GOAL OF THE EXERCISE
Repeat exactly the lines of the records below, starting at the line containing "Hacienda Nagueles 1, 2" and ending at the line containing "旧フィアットのリンゴット工場". Leave the pictures out.
(Beginning of DATA)
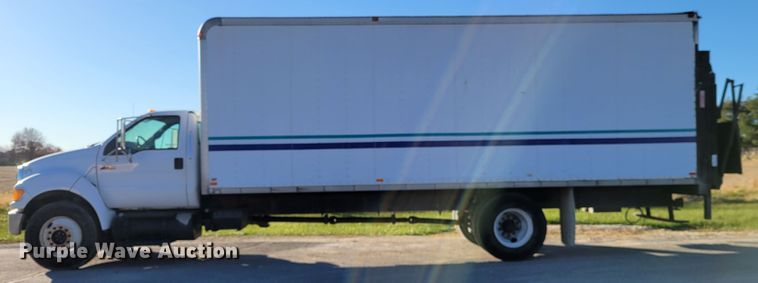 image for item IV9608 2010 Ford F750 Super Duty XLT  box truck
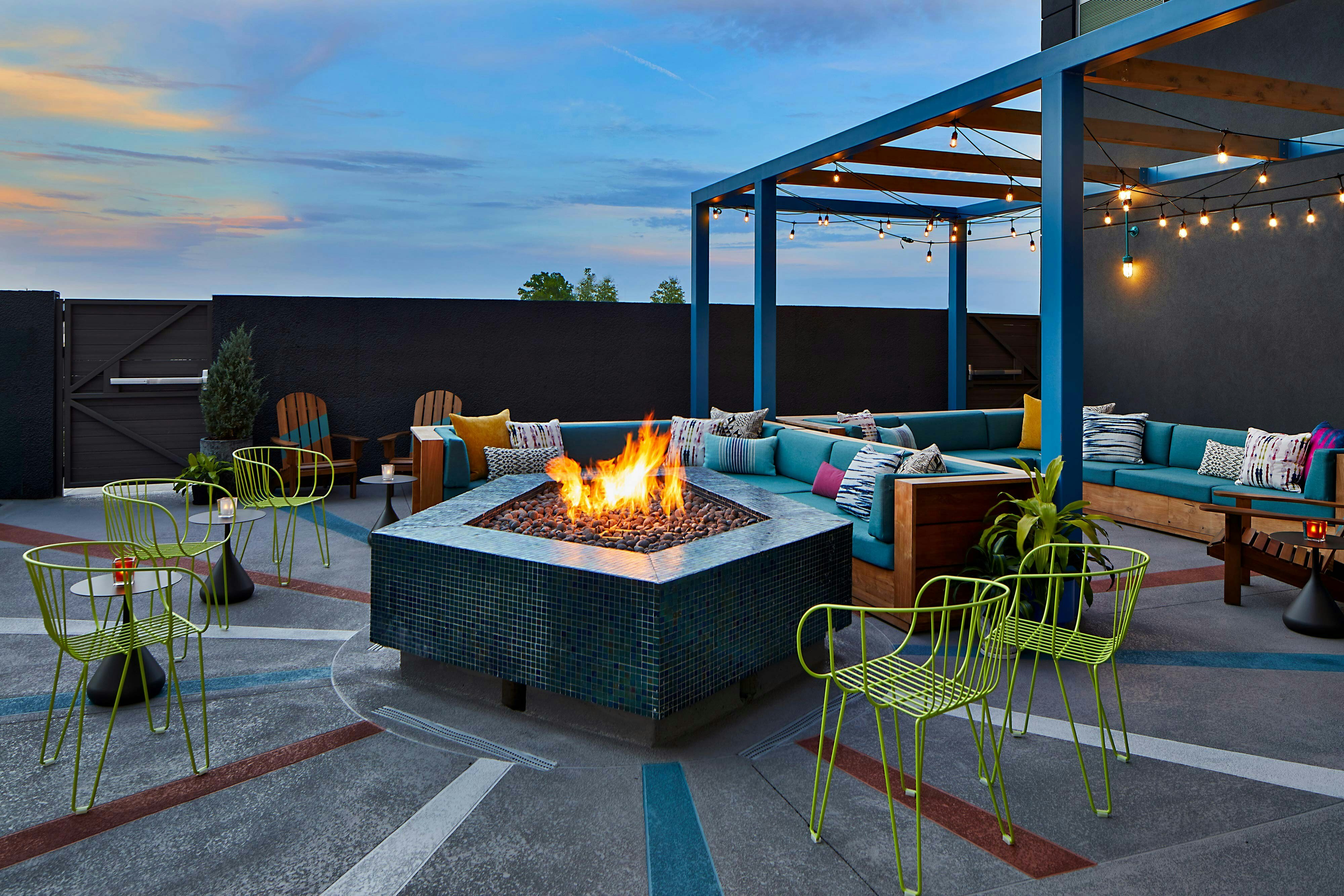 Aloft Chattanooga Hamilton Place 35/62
(End of DATA)
(Beginning of DATA)
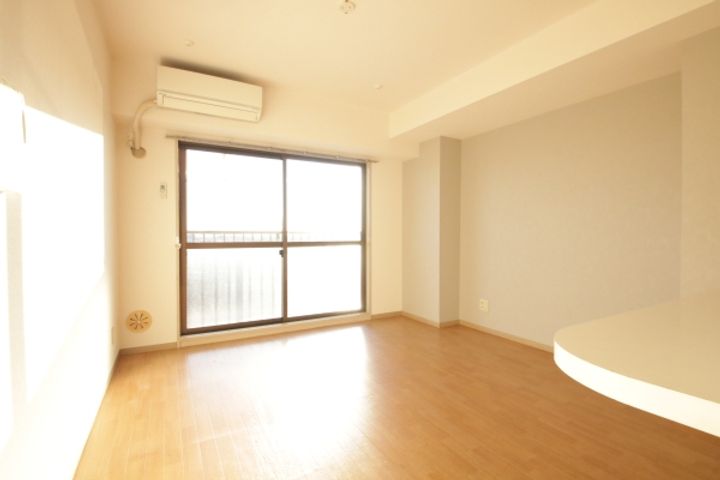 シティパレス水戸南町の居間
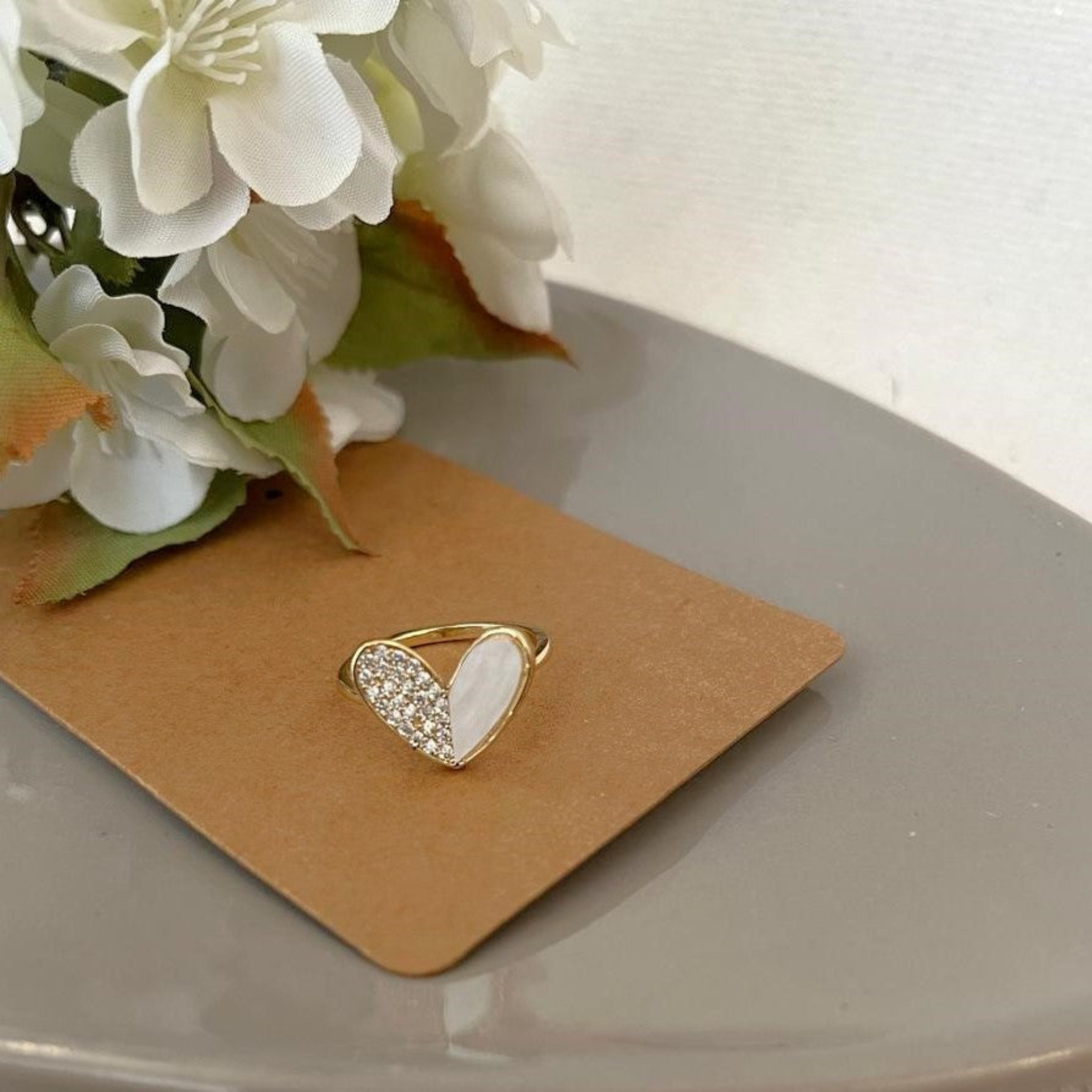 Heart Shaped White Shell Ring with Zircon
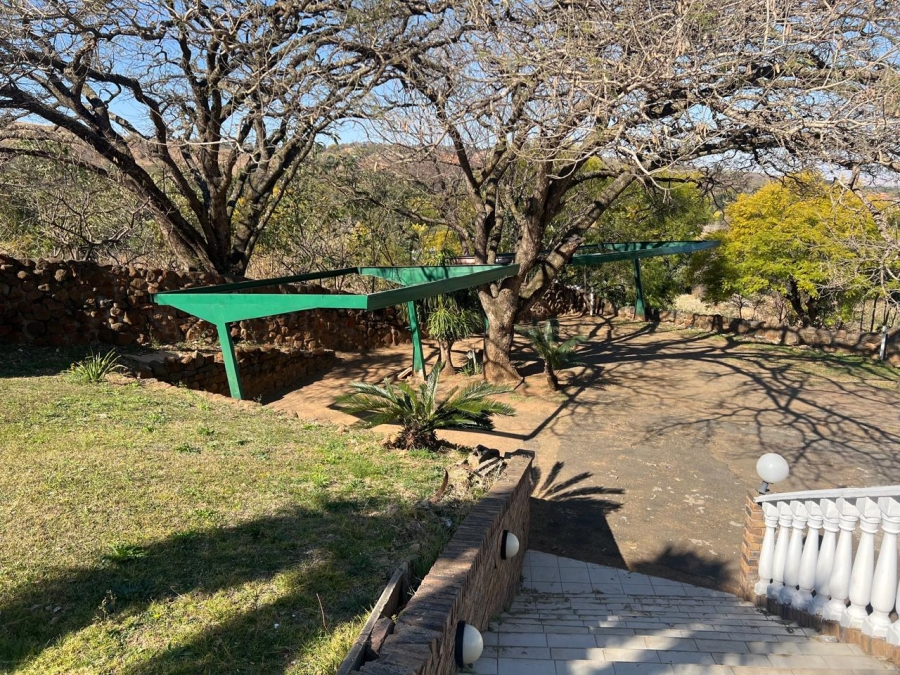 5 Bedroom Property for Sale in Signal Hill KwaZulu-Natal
(End of DATA)
(Beginning of DATA)
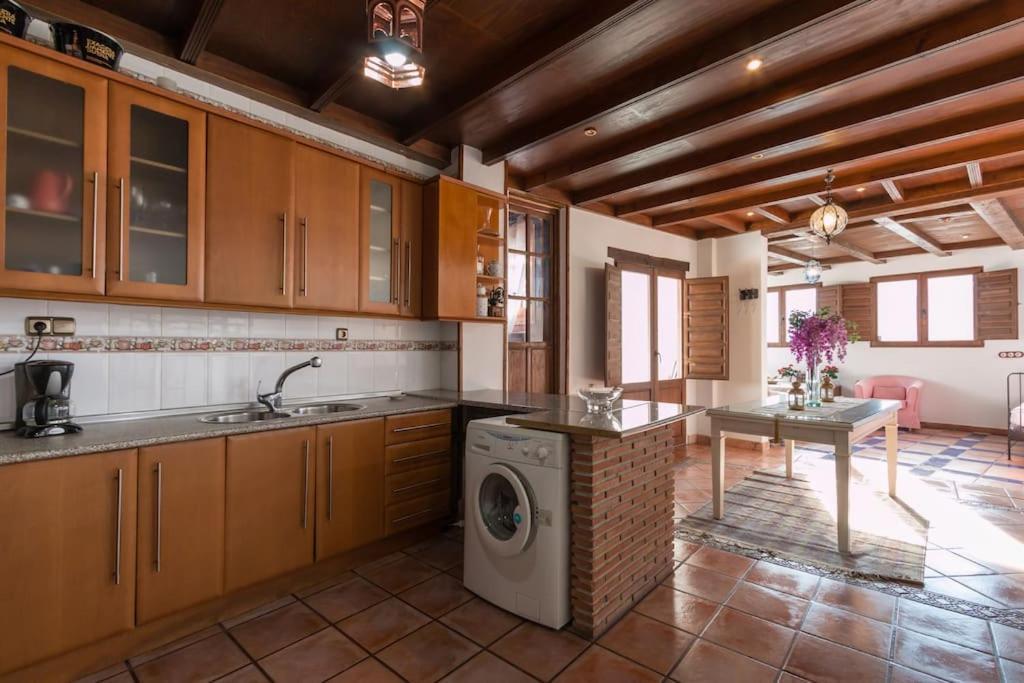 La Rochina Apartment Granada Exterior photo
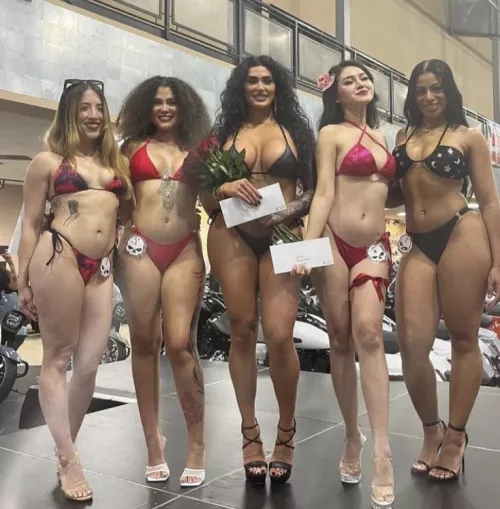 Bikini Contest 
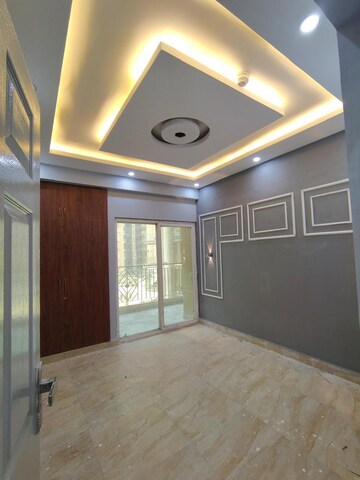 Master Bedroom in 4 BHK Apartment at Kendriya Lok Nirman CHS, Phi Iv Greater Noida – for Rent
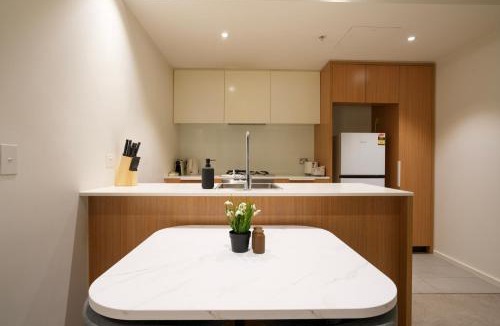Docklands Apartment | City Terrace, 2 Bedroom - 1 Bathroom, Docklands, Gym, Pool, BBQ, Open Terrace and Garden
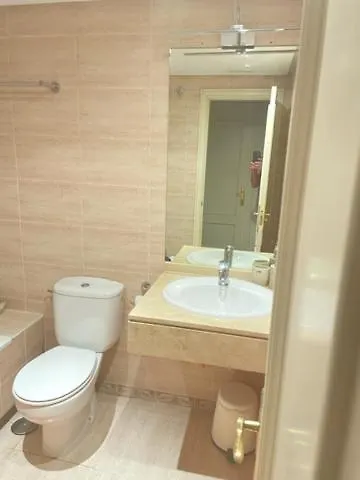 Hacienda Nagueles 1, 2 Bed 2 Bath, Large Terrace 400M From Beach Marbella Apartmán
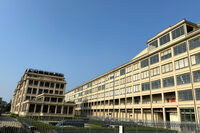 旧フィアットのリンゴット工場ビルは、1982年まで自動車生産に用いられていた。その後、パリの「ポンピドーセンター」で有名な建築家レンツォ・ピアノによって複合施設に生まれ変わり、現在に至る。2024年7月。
(End of DATA)
SOLVED EXERCISE
 Hacienda Nagueles 1, 2 Bed 2 Bath, Large Terrace 400M From Beach Marbella Apartmán
 旧フィアットのリンゴット工場ビルは、1982年まで自動車生産に用いられていた。その後、パリの「ポンピドーセンター」で有名な建築家レンツォ・ピアノによって複合施設に生まれ変わり、現在に至る。2024年7月。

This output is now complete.